Write out exactly the lines below that run from the one containing "Букет цветов из: Розы" through the one containing "يونايتد إيرلاينز تتجه", both included, with no other lines.

++++ DATA TO USE

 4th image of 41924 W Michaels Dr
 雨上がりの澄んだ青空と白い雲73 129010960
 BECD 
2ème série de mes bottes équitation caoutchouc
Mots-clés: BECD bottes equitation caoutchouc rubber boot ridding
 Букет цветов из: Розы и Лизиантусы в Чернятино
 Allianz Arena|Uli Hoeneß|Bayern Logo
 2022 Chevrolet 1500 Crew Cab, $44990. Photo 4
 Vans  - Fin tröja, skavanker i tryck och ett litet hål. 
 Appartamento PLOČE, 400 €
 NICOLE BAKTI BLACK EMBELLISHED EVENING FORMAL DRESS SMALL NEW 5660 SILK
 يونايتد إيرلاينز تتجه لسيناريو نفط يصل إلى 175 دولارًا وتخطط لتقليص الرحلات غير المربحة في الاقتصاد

++++++++
++++ DATA TO USE

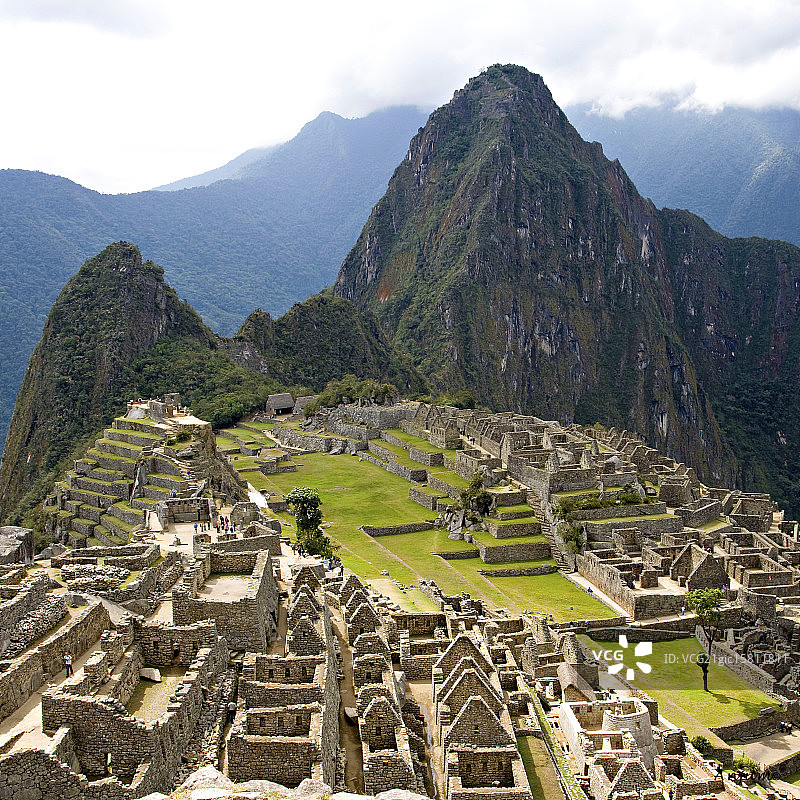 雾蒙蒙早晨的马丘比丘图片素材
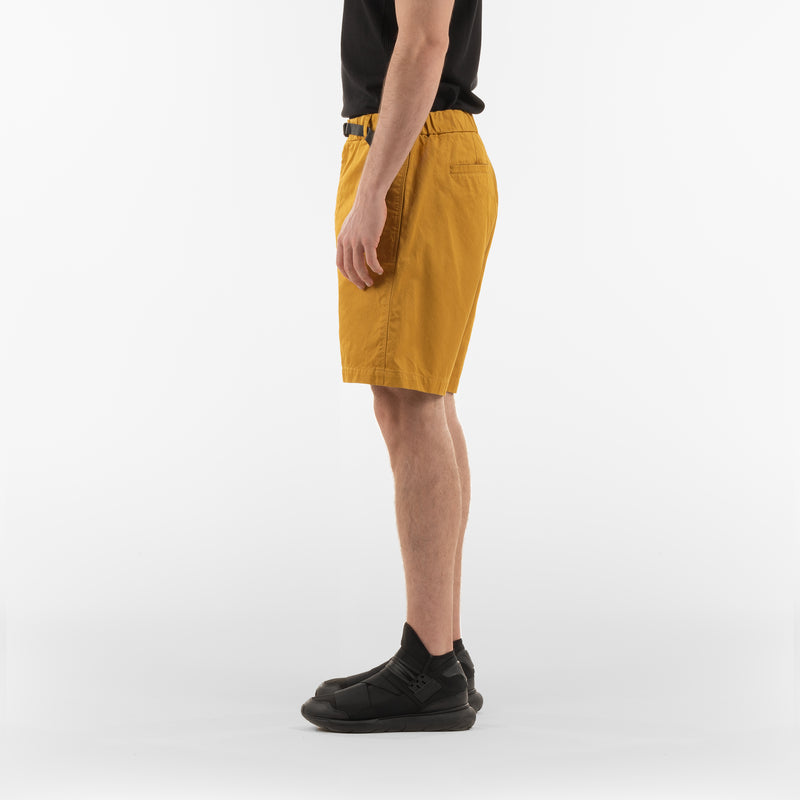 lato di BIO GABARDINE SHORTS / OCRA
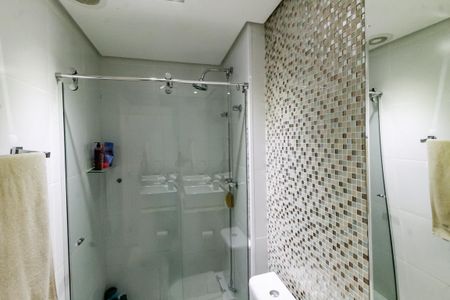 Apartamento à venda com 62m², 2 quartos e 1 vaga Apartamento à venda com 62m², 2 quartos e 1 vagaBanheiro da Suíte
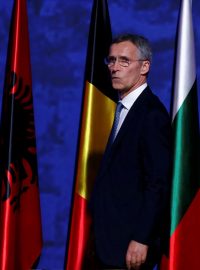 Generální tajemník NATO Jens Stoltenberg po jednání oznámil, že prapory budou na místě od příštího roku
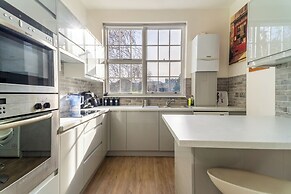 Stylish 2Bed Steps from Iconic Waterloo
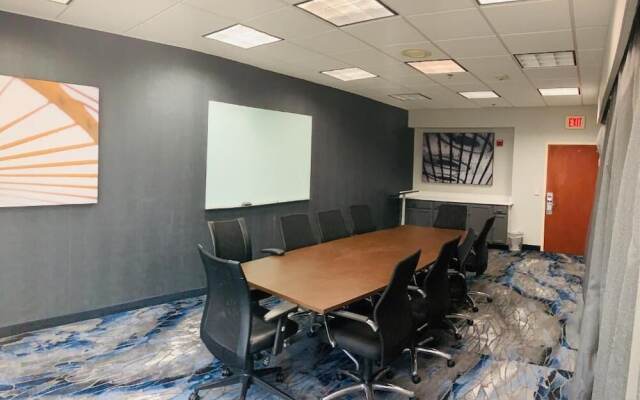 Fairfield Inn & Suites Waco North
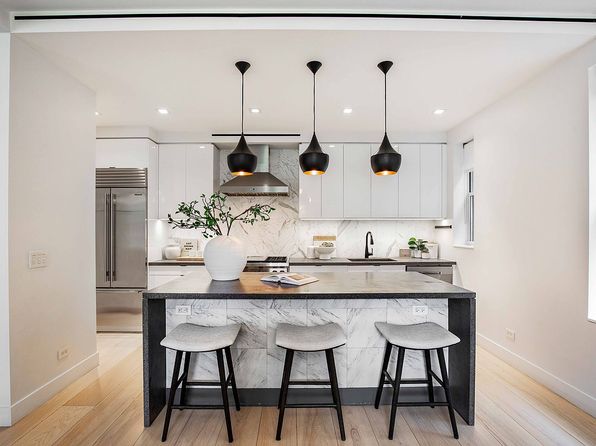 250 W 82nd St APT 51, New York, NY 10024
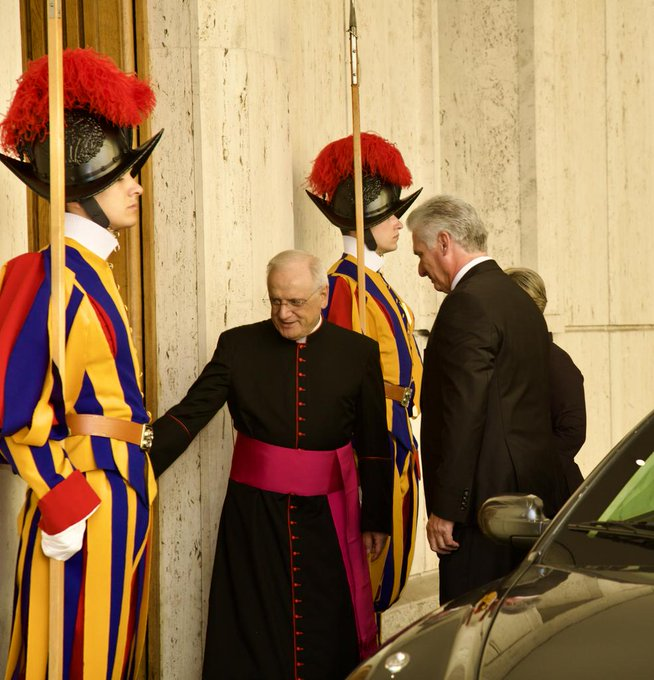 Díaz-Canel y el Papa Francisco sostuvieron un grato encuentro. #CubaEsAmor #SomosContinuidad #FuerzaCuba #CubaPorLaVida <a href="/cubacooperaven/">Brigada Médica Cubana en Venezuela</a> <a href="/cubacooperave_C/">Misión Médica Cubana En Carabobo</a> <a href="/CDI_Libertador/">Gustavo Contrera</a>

++++++++

- _REPLY TO THE TASK_
 Букет цветов из: Розы и Лизиантусы в Чернятино
 Allianz Arena|Uli Hoeneß|Bayern Logo
 2022 Chevrolet 1500 Crew Cab, $44990. Photo 4
 Vans  - Fin tröja, skavanker i tryck och ett litet hål. 
 Appartamento PLOČE, 400 €
 NICOLE BAKTI BLACK EMBELLISHED EVENING FORMAL DRESS SMALL NEW 5660 SILK
 يونايتد إيرلاينز تتجه لسيناريو نفط يصل إلى 175 دولارًا وتخطط لتقليص الرحلات غير المربحة في الاقتصاد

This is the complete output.